Царя приветствовали пением полкового гимна, получившего название «Слава». Однополчане поговаривали, что А. К. Толстого ждёт венец Жуковского — автора «Певца во стане русских воинов».
По пути А. К. Толстой написал короткое стихотворение, вызванное действительным случаем, произошедшим в Севастополе:
В колокол, мерно дремавший, с налёта тяжёлая бомба
Грянула; с треском кругом от неё разлетелись осколки;
Он же вздрогнул, и к народу могучие медные звуки
Вдаль полетели, негодуя, гудя и на бой созывая.
Полку надлежало занять оборону вблизи Одессы на побережье Чёрного моря. Штаб расположился в деревне Севериновке, а первый батальон — в болгарском селе Катаржи (таких сёл около Одессы было несколько).
В военных действиях полк не участвовал, но, тем не менее, нёс огромные потери. Эпидемии оказались страшнее неприятельских пуль. А. К. Толстой — Софье Андреевне Миллер 20 декабря 1855 года: «Везде тиф, диссентерия, у нас нет докторов. Оба наших — один из которых, Сидоров, болен — находятся в Севериновке со штабом; больных перевозят туда то на волах, то на лошадях; у нас нет госпиталя, больные размешены по избам — один на другом, умирают лицом к лицу; места совсем нет; выздоравливающие разбросаны по всей Севериновке, и присмотру за ними никакого нет; они часто убегают, едят вредные вещи у хозяев и опять заболевают. Вчера третья рота перевозила своих больных через наше село; один из них скончался в дороге, и я принял его тело в мой домик. Я хотел оставить его на всю ночь, но нашли возможность отвести для него пустую землянку… Сегодня я возил туда священника и присутствовал на панихиде. Какие хорошие люди болгары, гостеприимные, добродушные; они одеты точно люди на картинах Каналетто — курящие трубки на площади св. Марка. Во всяком доме находятся образа православные… Они ненавидят турков, от которых бежали, и говорят библейским славянским языком».
В январе следующего года А. К. Толстой съездил в Одессу. Вот его впечатления (письмо Софье Андреевне Миллер от 16 января 1856 года):
«Бедному Бобринскому очень плохо; его обливали холодной водой, что его немного привело в себя…
Самые утешительные слова докторов „Надежда не потеряна“…
…Я навещал пленных французов и встречал их иногда на улицах; я с ними говорил и находил их учтивыми и приличными, несмотря на то, что они были из простых солдат. Что же касается до англичан, я не понимаю, что мы с ними так церемонимся, — просто беспокойные грубияны, которых я бы быстро привёл в порядок, если был бы я градоначальник.

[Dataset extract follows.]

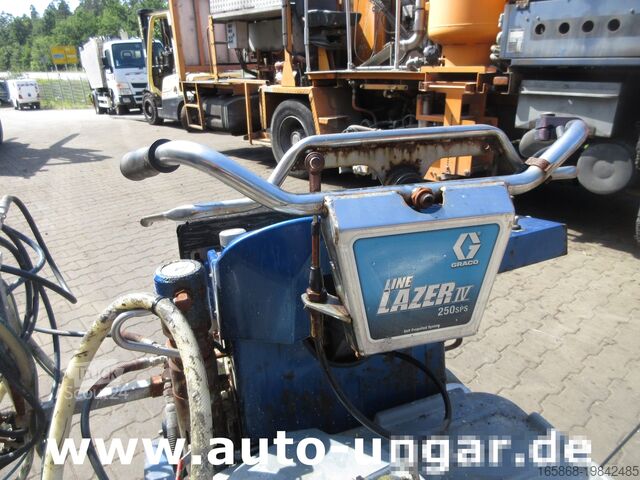 Marquages routiers Graco LineLazer IV 250 SPS Airless Roadmarking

Турки лучше англичан, — и англичане их преследуют; эти бедняки достали себе какую-то жестяную посуду, чтобы черпать воду… Когда англичанин встречает турка, он вырывает у него посуду и давит её ногами».

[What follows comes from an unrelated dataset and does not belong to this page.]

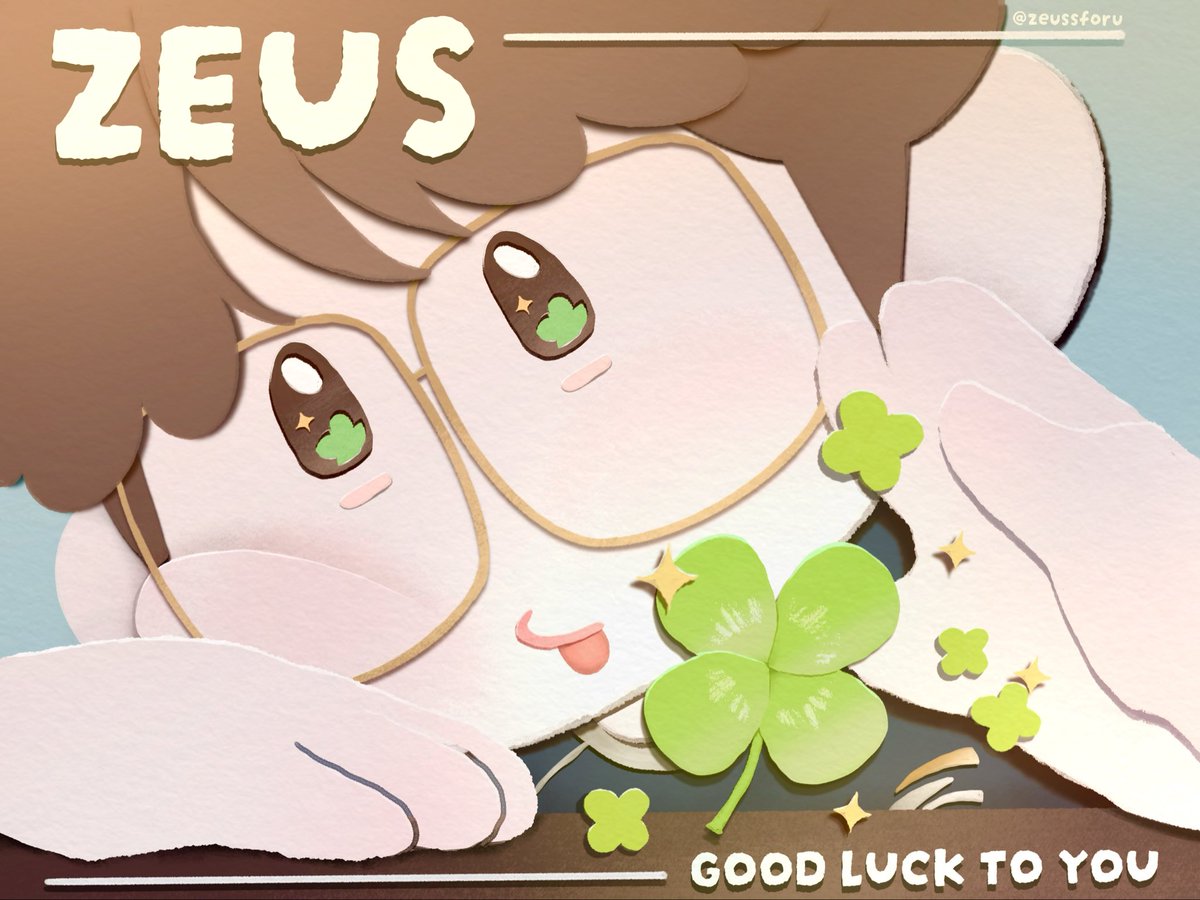 Zeussforu's tweet photo. Good luck to you #zeus https://t.co/iy07rdNYEq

Тиф был беспощаден. Более половины полка болело; из 3200 человек в строю оставалось менее 1500. За сутки умирало до 20 человек. В конце концов свалились в тифу и В. М. Жемчужников и А. К. Толстой. Узнав об этом, Александр II приказал, чтобы ему ежедневно докладывали о состоянии друга.

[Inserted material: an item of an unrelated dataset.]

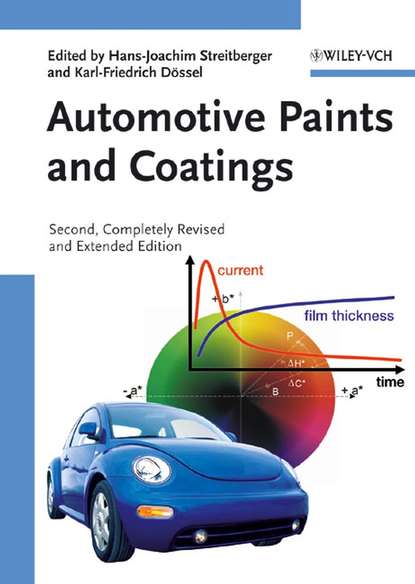 Скачать книгу Automotive Paints and Coatings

Из офицеров здоровыми на ногах оставались всего лишь трое или четверо. Алексей Толстой долгое время лежал в бреду, и первое, что он увидел, придя в сознание, было лицо любимой женщины. Софья Андреевна, в качестве сестры милосердия, срочно выехала к своему возлюбленному. Ещё одним неожиданным гостем был другой двоюродный брат — уже упомянутый художник Лев Жемчужников.
Заботливый уход вскоре поднял Алексея Константиновича с постели. Впоследствии Лев Жемчужников вспоминал: «Здоровье Алексея Толстого становилось лучше с каждым днём. Помню, с каким удовольствием я усадил его в коляску в первый раз по выздоровлении, ещё не совершенно окрепшего, и повёз покататься к морю, он был в восторге, вдыхал полной грудью воздух, но утомился. Впрочем, он скоро вполне поправился, и я с ним отправился гулять, но куда?.. Куда могла увлечь нас только безрассудная молодость… между прочим в каменоломни, где бывали грабежи. Он и я запаслись свечами, спичками, и так как я там бывал и слышал о случавшихся там несчастных приключениях, то запасся револьвером, а Толстой, хотя и взял револьвер, но надеялся более на охотничий нож, который, как он говорил, не изменит. Одно его смущало — что он не чувствовал в себе той силы, которою обладал прежде. Подойдя к пещерам каменоломен, мы зажгли свечи, вооружились и отправились внутрь. Но увы! исходив пещеры в разных направлениях, попадая то в ямы, то в лужи, мы ровно никого (грабителей. — В. Н.) не нашли и, пристыженные, разочарованные, с досадой вернулись домой»
[40].
В марте 1856 года в полку было получено известие о подписании мира в Париже. Оно было встречено всеобщим негодованием. Действительно, казалось, что война только начинается, и сдан-то всего лишь Севастополь (другими словами — одна крепость). Неудачи в Крыму компенсировались успехами на Кавказе, где русские войска заняли Карс. Правда, мир не оказался чрезмерно унизительным, хотя для России и невыгодным. Но было обидно возвращаться домой, так и не встретившись с врагом. Единственно, Лев Жемчужников, побывавший ранее в Севастополе и наглядевшийся на царившие в этом героическом городе ужасы, шумно радовался, что наконец-то прекратилось бесцельное кровопролитие. Он даже сцепился с Алексеем Бобринским, и они наговорили друг другу много жестоких слов. Дело дошло до вызова на дуэль. С большим трудом Толстому и Владимиру Жемчужникову удалось их помирить.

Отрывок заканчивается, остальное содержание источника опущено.